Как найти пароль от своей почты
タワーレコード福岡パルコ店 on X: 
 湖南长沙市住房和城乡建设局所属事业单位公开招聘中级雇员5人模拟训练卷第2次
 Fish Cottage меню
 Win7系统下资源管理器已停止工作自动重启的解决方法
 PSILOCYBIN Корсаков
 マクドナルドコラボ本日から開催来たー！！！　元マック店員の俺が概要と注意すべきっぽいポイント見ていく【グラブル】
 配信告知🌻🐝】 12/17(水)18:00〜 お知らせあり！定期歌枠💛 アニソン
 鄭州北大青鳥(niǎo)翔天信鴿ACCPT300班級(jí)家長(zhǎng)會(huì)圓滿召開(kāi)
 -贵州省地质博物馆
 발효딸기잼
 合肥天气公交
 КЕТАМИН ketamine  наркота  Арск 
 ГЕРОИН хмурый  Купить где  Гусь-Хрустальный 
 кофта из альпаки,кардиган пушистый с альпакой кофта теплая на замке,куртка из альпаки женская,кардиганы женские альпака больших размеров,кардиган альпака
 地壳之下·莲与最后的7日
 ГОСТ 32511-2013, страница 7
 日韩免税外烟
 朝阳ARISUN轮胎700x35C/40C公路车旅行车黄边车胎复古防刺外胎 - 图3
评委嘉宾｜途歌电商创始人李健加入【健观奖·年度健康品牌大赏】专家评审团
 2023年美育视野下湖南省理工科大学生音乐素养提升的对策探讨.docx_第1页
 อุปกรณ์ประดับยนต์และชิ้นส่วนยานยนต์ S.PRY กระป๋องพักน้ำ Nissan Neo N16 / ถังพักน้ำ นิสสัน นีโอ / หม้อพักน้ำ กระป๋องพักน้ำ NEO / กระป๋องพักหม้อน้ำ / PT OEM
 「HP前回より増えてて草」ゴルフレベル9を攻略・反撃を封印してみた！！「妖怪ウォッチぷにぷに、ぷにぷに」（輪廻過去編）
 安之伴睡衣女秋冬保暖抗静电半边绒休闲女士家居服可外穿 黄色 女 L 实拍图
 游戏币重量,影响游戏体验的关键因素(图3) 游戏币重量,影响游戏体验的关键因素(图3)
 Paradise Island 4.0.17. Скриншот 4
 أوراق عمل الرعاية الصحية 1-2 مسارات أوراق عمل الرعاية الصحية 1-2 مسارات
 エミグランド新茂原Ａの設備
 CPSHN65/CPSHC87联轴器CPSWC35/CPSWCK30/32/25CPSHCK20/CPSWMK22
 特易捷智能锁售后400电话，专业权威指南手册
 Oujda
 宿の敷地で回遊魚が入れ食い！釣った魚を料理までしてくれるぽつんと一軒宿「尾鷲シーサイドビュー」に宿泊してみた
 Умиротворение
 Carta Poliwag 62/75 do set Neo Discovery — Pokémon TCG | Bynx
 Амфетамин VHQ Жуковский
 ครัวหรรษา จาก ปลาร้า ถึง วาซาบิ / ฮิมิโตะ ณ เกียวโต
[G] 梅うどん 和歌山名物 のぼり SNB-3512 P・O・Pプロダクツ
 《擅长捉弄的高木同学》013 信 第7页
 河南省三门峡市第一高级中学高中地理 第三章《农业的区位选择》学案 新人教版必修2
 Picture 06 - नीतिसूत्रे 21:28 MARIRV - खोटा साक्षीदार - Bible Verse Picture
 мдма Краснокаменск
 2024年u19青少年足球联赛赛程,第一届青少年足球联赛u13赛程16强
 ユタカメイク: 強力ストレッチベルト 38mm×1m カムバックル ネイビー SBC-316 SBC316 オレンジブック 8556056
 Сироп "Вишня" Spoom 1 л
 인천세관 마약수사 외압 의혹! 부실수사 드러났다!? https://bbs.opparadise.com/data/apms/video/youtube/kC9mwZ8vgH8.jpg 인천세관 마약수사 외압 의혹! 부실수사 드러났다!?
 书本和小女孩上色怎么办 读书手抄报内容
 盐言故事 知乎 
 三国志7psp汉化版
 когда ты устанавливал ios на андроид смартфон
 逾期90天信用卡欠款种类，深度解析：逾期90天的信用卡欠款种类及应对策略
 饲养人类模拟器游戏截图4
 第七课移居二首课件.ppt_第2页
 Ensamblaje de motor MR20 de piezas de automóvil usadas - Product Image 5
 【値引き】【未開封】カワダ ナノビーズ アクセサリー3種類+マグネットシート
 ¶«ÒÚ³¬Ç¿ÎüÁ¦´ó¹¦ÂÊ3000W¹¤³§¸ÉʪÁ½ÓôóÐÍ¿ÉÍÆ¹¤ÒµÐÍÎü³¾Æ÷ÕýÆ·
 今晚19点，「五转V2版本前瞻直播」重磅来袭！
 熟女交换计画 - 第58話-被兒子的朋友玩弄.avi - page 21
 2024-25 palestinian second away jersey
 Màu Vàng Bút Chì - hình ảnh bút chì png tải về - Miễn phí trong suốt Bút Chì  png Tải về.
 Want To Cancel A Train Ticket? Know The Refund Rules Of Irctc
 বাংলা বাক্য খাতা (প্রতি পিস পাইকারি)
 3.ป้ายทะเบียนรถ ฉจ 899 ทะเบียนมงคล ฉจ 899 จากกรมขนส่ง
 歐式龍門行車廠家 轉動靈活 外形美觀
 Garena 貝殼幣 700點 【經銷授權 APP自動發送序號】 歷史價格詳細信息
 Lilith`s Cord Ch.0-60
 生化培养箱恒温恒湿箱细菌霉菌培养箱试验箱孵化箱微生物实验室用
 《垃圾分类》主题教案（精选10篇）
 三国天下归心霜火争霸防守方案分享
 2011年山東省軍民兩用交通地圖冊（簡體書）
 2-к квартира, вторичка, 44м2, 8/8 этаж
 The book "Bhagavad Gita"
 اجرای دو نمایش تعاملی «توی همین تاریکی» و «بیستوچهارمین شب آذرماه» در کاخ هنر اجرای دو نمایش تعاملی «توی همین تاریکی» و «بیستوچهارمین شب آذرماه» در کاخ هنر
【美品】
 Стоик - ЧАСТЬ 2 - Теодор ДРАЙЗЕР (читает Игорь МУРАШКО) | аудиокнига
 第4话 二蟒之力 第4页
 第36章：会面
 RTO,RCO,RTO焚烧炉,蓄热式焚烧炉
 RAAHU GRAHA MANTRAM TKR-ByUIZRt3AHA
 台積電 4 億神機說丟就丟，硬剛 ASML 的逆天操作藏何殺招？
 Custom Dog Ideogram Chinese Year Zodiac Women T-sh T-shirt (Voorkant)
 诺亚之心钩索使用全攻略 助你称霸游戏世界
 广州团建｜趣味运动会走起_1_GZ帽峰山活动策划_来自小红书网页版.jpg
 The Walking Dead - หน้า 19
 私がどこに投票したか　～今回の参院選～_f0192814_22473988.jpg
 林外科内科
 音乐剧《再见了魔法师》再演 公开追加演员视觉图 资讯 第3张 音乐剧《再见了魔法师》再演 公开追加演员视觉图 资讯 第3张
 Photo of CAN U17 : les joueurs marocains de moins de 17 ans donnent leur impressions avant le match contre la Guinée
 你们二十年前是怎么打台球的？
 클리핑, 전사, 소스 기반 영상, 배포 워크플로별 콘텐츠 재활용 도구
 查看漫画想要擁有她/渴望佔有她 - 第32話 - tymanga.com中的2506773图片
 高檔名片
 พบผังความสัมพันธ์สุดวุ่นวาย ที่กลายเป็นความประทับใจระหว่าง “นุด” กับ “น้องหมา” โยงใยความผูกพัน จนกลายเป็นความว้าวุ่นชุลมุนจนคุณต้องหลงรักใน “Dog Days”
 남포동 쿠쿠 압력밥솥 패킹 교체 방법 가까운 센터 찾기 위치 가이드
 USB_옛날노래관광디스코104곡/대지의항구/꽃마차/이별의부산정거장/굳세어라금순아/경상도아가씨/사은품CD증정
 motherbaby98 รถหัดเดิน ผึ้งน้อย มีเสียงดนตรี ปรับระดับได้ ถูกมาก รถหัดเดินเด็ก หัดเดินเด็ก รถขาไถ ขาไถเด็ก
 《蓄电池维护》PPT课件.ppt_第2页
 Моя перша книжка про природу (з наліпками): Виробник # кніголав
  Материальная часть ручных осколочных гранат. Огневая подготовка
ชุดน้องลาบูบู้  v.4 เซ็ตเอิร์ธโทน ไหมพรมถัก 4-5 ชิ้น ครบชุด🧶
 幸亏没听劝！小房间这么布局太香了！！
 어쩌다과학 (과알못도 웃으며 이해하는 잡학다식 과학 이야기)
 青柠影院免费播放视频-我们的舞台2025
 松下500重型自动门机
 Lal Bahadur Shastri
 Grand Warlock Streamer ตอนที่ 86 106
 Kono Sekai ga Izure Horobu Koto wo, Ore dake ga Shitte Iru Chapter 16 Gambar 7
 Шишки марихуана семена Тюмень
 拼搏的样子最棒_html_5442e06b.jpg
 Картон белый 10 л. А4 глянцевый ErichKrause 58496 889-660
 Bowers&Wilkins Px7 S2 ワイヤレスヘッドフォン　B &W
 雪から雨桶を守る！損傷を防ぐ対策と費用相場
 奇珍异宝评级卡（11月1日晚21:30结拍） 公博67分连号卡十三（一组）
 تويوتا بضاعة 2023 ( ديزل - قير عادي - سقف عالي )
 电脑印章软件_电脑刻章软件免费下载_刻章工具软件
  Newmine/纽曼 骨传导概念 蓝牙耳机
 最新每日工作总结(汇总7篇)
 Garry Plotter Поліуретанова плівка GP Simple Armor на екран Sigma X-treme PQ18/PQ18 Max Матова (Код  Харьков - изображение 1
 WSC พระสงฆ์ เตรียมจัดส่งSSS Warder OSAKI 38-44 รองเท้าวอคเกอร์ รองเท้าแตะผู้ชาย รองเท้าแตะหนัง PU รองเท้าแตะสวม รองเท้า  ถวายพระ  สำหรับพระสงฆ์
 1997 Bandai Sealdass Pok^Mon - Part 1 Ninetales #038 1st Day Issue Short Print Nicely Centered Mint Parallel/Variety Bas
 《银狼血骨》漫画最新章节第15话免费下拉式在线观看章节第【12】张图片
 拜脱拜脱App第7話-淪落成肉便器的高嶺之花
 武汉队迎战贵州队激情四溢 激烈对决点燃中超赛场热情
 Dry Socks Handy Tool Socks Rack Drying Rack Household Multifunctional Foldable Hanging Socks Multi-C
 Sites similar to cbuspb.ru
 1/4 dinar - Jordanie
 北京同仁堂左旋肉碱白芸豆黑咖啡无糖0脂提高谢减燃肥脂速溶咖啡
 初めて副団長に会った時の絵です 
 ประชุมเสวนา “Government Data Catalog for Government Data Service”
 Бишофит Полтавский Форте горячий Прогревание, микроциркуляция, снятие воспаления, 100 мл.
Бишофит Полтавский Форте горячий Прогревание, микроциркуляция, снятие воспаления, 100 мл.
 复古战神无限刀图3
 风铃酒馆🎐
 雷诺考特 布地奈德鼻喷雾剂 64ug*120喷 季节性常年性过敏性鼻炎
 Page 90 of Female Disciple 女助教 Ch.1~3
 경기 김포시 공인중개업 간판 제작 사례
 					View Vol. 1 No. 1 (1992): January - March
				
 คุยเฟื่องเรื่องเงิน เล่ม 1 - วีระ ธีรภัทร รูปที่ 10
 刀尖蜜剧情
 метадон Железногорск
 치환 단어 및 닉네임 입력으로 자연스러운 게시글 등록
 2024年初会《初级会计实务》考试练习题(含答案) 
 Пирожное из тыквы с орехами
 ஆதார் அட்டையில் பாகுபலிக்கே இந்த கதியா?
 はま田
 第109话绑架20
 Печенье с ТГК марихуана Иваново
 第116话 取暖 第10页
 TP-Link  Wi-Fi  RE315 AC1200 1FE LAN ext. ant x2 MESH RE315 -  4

□ □ □ □

Where the listing above reaches the line that contains "USB_옛날노래관광디스코1", start retyping, and finish with the line that contains "Шишки марихуана семена Тюмень"; reproduce those lines exactly and no others.

## ANSWER SPACE
 USB_옛날노래관광디스코104곡/대지의항구/꽃마차/이별의부산정거장/굳세어라금순아/경상도아가씨/사은품CD증정
 motherbaby98 รถหัดเดิน ผึ้งน้อย มีเสียงดนตรี ปรับระดับได้ ถูกมาก รถหัดเดินเด็ก หัดเดินเด็ก รถขาไถ ขาไถเด็ก
 《蓄电池维护》PPT课件.ppt_第2页
 Моя перша книжка про природу (з наліпками): Виробник # кніголав
  Материальная часть ручных осколочных гранат. Огневая подготовка
ชุดน้องลาบูบู้  v.4 เซ็ตเอิร์ธโทน ไหมพรมถัก 4-5 ชิ้น ครบชุด🧶
 幸亏没听劝！小房间这么布局太香了！！
 어쩌다과학 (과알못도 웃으며 이해하는 잡학다식 과학 이야기)
 青柠影院免费播放视频-我们的舞台2025
 松下500重型自动门机
 Lal Bahadur Shastri
 Grand Warlock Streamer ตอนที่ 86 106
 Kono Sekai ga Izure Horobu Koto wo, Ore dake ga Shitte Iru Chapter 16 Gambar 7
 Шишки марихуана семена Тюмень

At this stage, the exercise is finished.